Reproduce the data below in full and exclude every picture.
___ Material provided
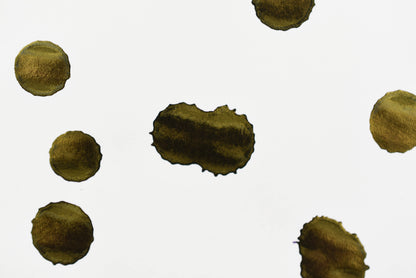 Diamine Fountain Pen Ink - Scribble Purple - 30mL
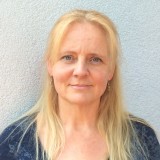 Profilfoto von Maria Zünd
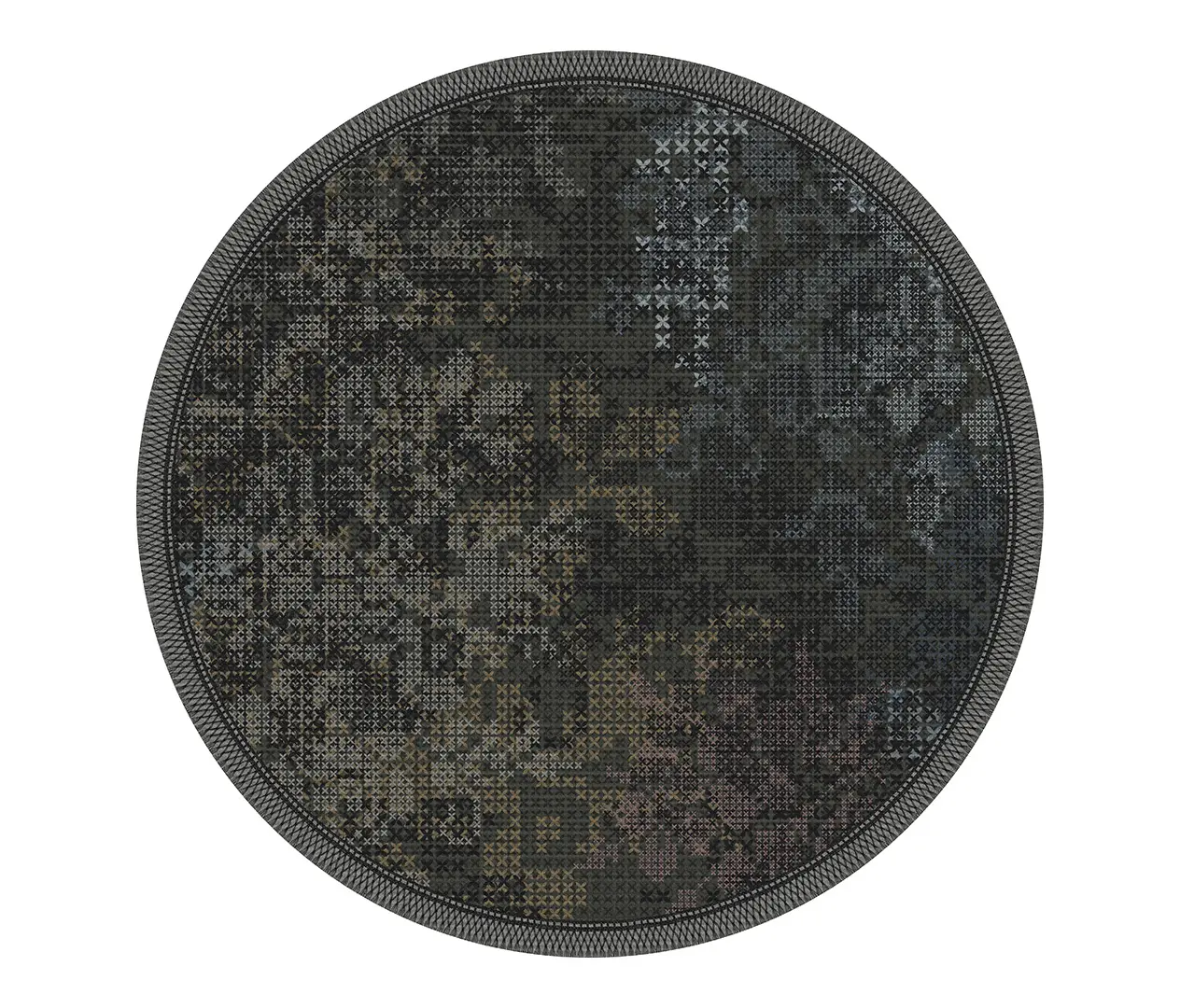 OBJECT CARPET - Antwerp 051x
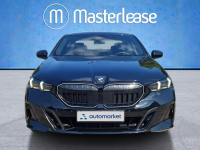 BMW 520 d xDrive mHEV M Sport ! Z Polskiego Salonu ! Faktura Vat ! Warszawa - zdjęcie 2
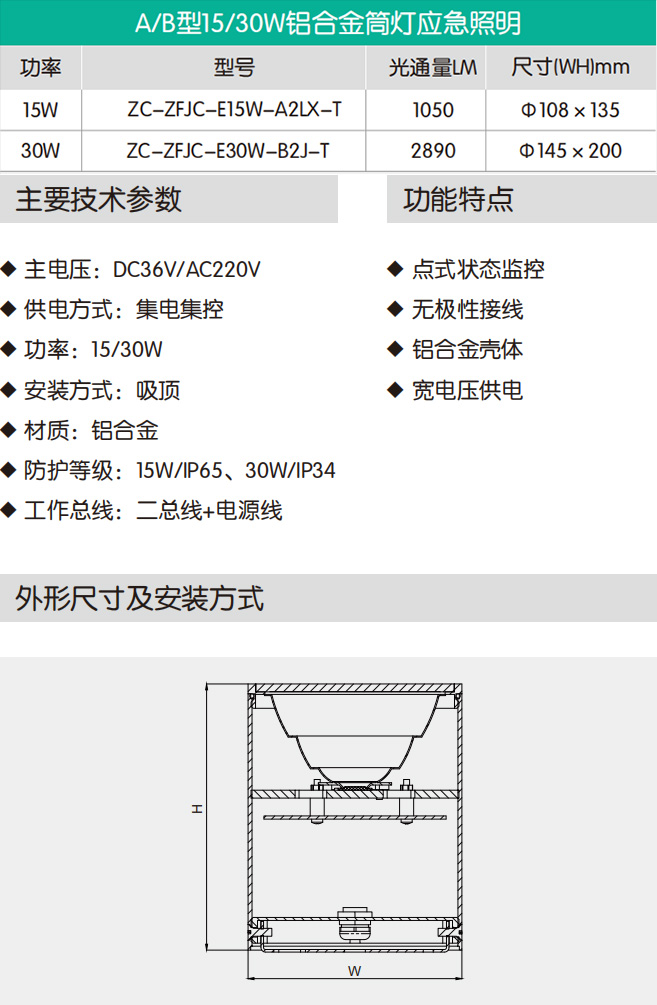 未標(biāo)題-2 拷貝.jpg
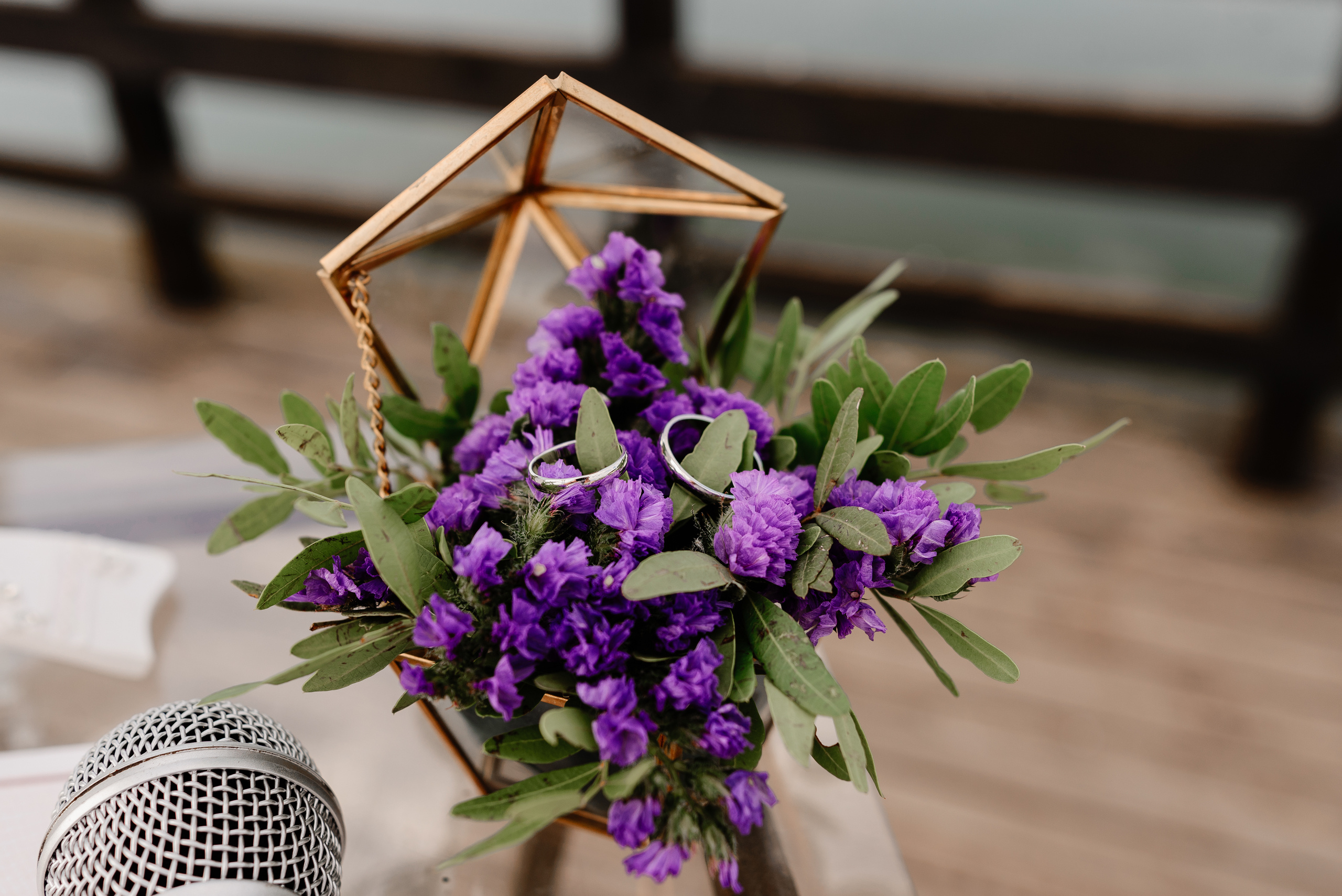 Alexandr&Yulija. Свадебный фотограф в Минске и Жлобине Светлана Карпович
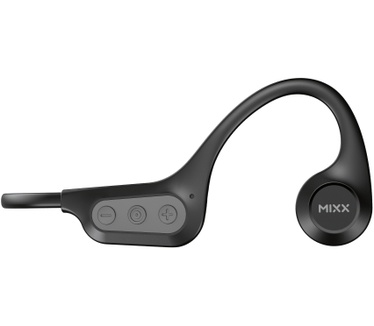 Radiopaq Mixx Resonate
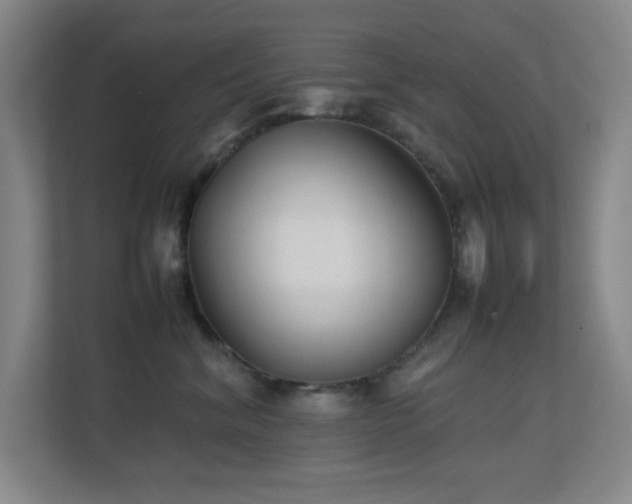 X0000113870620200909241333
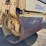 bomag-bw100-image-13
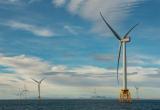 苏格兰海上风电场因违反能源市场规则被处以3300万英镑罚款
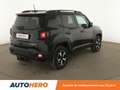 Jeep Renegade 1.3 Turbo T4 PHEV 4xe Trailhawk AT6 Noir - thumbnail 6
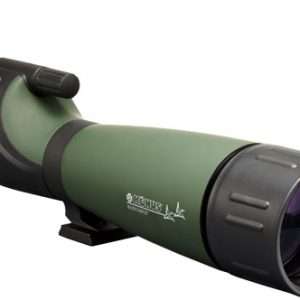 KONUS SPOTTING SCOPE 15-45X65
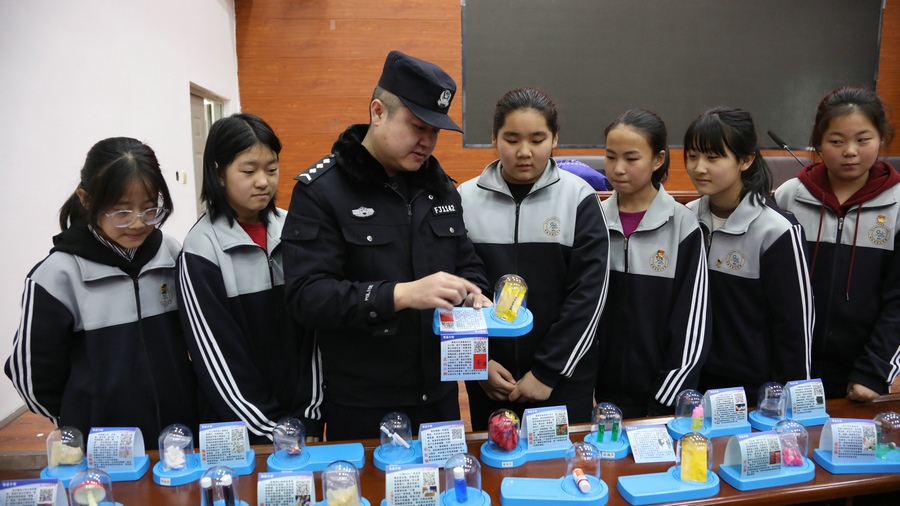 1709021303220623.jpg 微信圖片_20240227160453.jpg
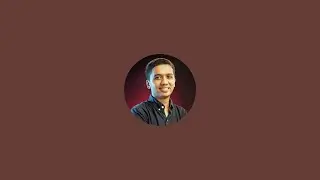 yasinan tim ratu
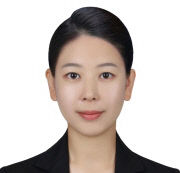 [크기변환]사본 - 사진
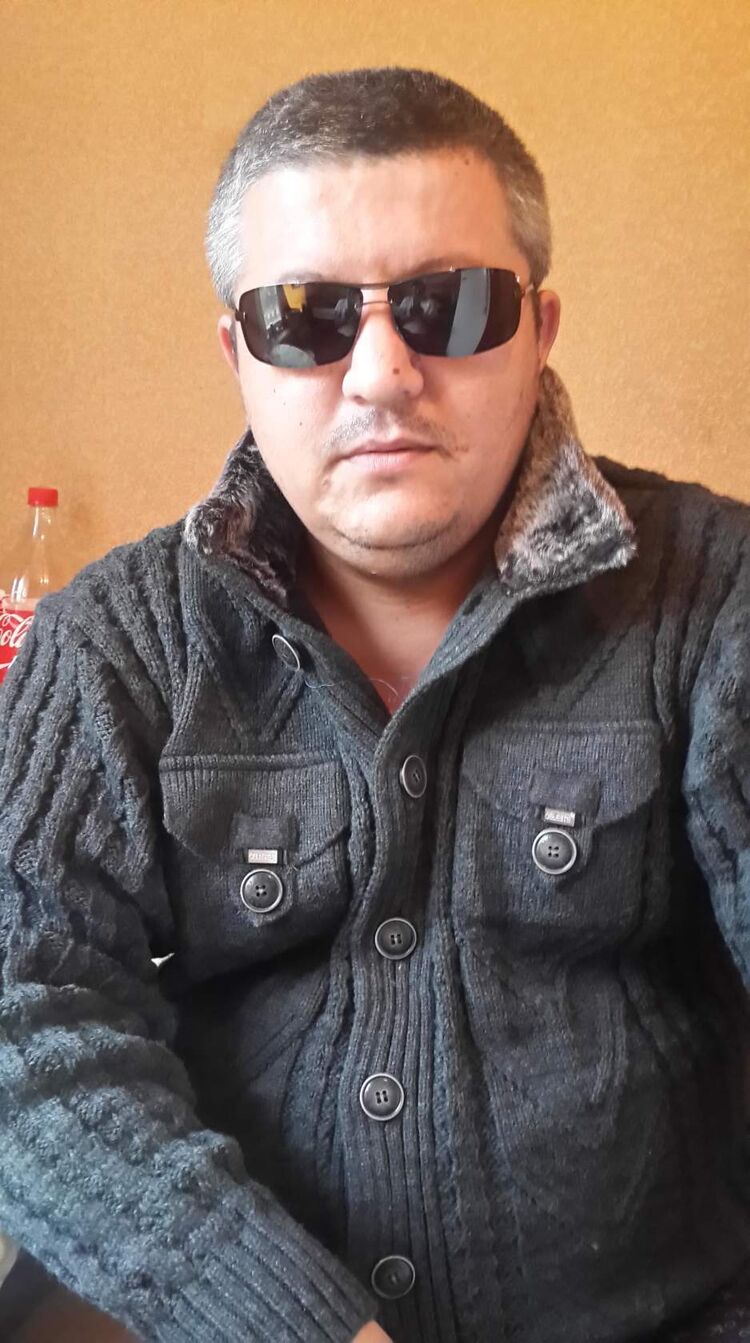  -,   , 42 ,     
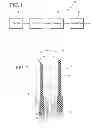 Fig. 02 - FILLING A CARTRIDGE
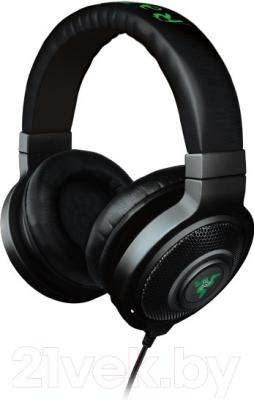 Наушники-гарнитура Razer Kraken 7.1 Chroma (RZ04-01250100-R3M1)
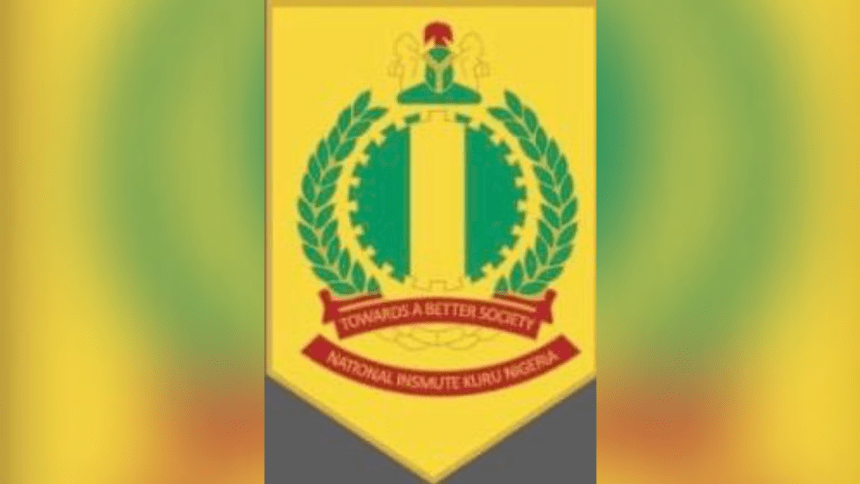 ait-images - Alumni Association of the National Institute for Policy and Strategic Studies, AANI logo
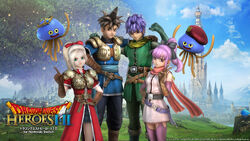 DRAGON QUEST HEROES I・II for Nintendo s-l400.jpg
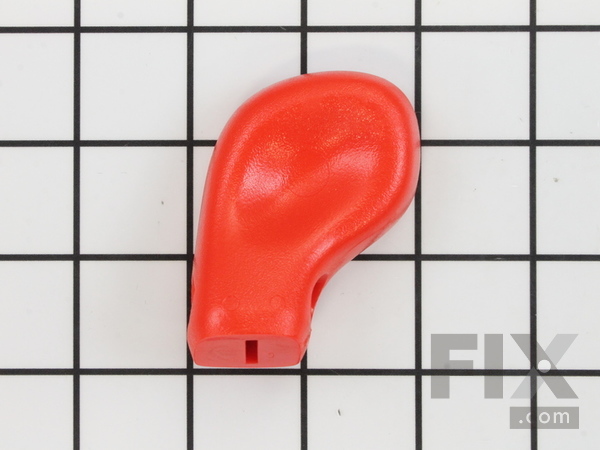 9903827-1-M-Murray-1725337SM-Knob-Slotted Throttle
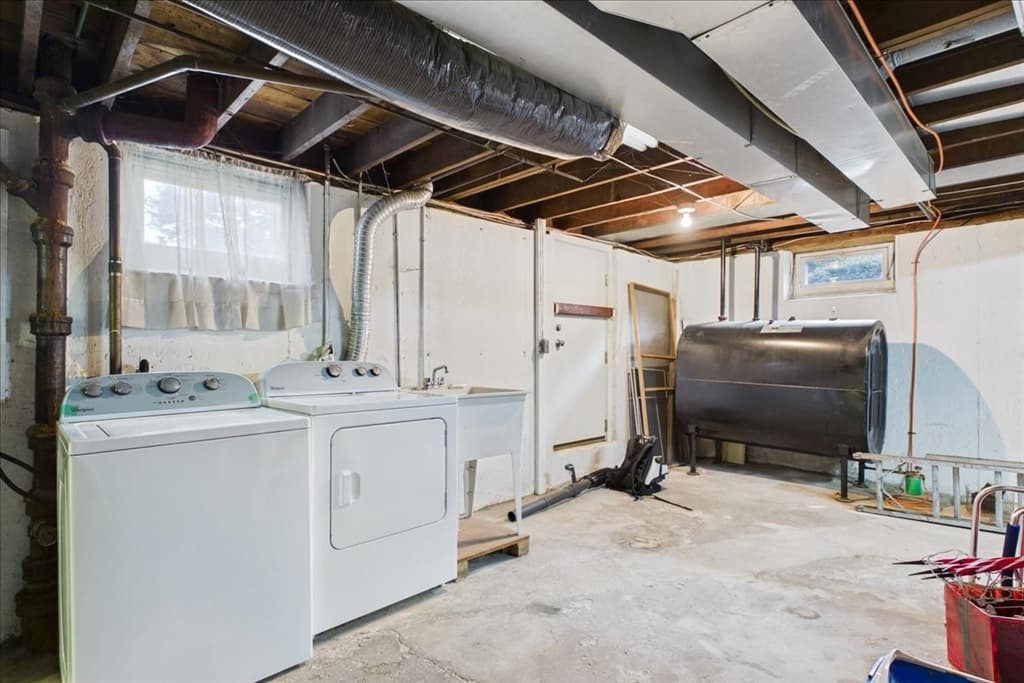 140 Milton Rd., Braintree MA 02184 photo 14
______
Exercise result:
 Diamine Fountain Pen Ink - Scribble Purple - 30mL
 Profilfoto von Maria Zünd
 OBJECT CARPET - Antwerp 051x
 BMW 520 d xDrive mHEV M Sport ! Z Polskiego Salonu ! Faktura Vat ! Warszawa - zdjęcie 2
 未標(biāo)題-2 拷貝.jpg
 Alexandr&Yulija. Свадебный фотограф в Минске и Жлобине Светлана Карпович
 Radiopaq Mixx Resonate
 X0000113870620200909241333
 bomag-bw100-image-13
 苏格兰海上风电场因违反能源市场规则被处以3300万英镑罚款
 Jeep Renegade 1.3 Turbo T4 PHEV 4xe Trailhawk AT6 Noir - thumbnail 6
 KONUS SPOTTING SCOPE 15-45X65
 1709021303220623.jpg 微信圖片_20240227160453.jpg
 yasinan tim ratu
 [크기변환]사본 - 사진
  -,   , 42 ,     
 Fig. 02 - FILLING A CARTRIDGE
 Наушники-гарнитура Razer Kraken 7.1 Chroma (RZ04-01250100-R3M1)
 ait-images - Alumni Association of the National Institute for Policy and Strategic Studies, AANI logo
 DRAGON QUEST HEROES I・II for Nintendo s-l400.jpg
 9903827-1-M-Murray-1725337SM-Knob-Slotted Throttle
 140 Milton Rd., Braintree MA 02184 photo 14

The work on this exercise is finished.